Claude Code Let's Build: AI Video Editor

In this video, the creator builds a semi-autonomous AI video editor using Claude Code, integrating tools like ffmpeg, OpenAI’s Whisper, and Gemini 3 Flash API to enable both manual and AI-driven video editing through a user-friendly Next.js interface. The project demonstrates how users can perform complex video edits with simple natural language prompts, showcasing the potential of combining cloud code, AI models, and modern web development.

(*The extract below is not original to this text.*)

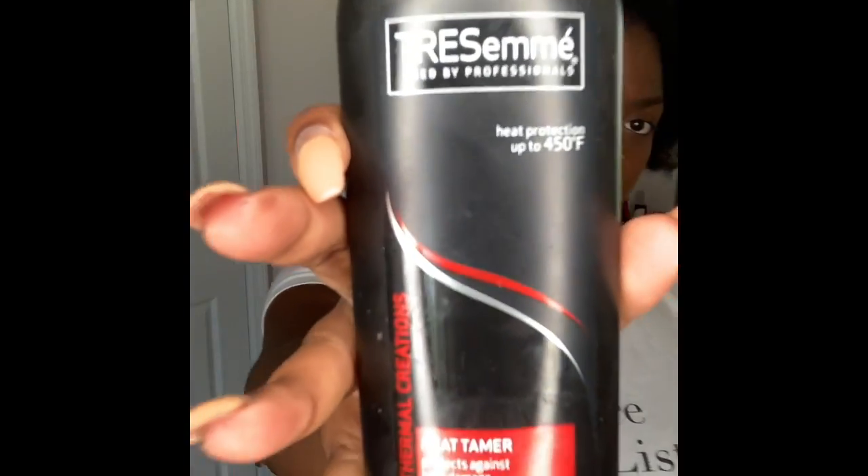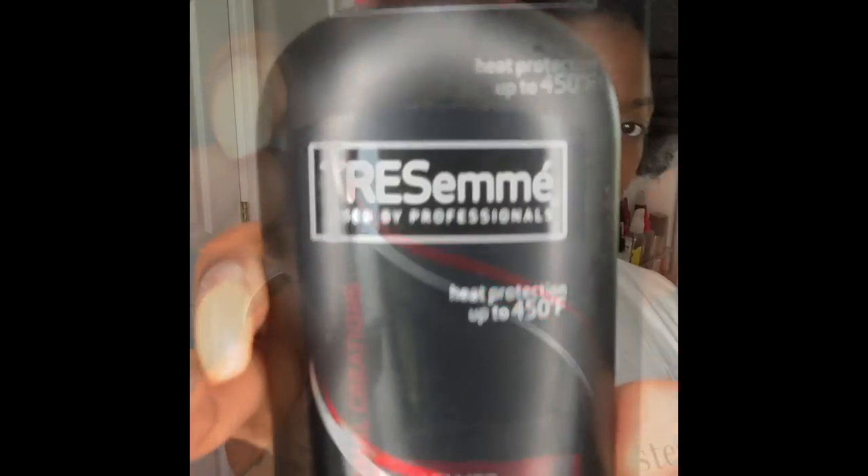We want to protect our curls. Now I'm taking the Tresemme Heat Protectant, which is also up to 450 degrees of protection, and we are spraying this all over our hair. This level of protection — we just want to make sure that when we put heat on our hair, our curls are staying. What I love about this Tresemme Heat Protectant is that it's only about $5, but it works great on natural hair and bundles.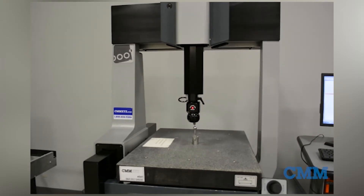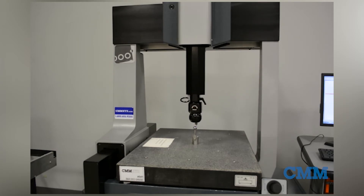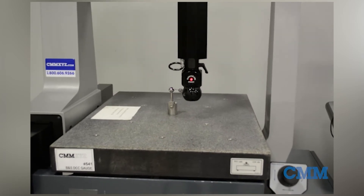In stock and ready to go. Here we have the Brown and Sharpe DCC gauge. This system was refurbished by Hexagon in 2005. This system is equipped with the DEA FB2 controller, Renishaw PH10MQ probe head and TP20 touch trigger probe.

In this video, the creator embarks on a weekend project to build a semi-autonomous AI video editor using Claude Code, focusing on demonstrating how cloud code can be leveraged to generate and execute project ideas. The main components required for the project include ffmpeg for video processing, OpenAI’s Whisper model for local audio-to-text transcription, and the Gemini 3 Flash API for AI-driven features and function calling. The setup process involves creating a new project directory, gathering relevant API documentation, and preparing environment variables, such as the Gemini API key. The creator emphasizes the importance of having these tools and documentation ready before starting the actual coding.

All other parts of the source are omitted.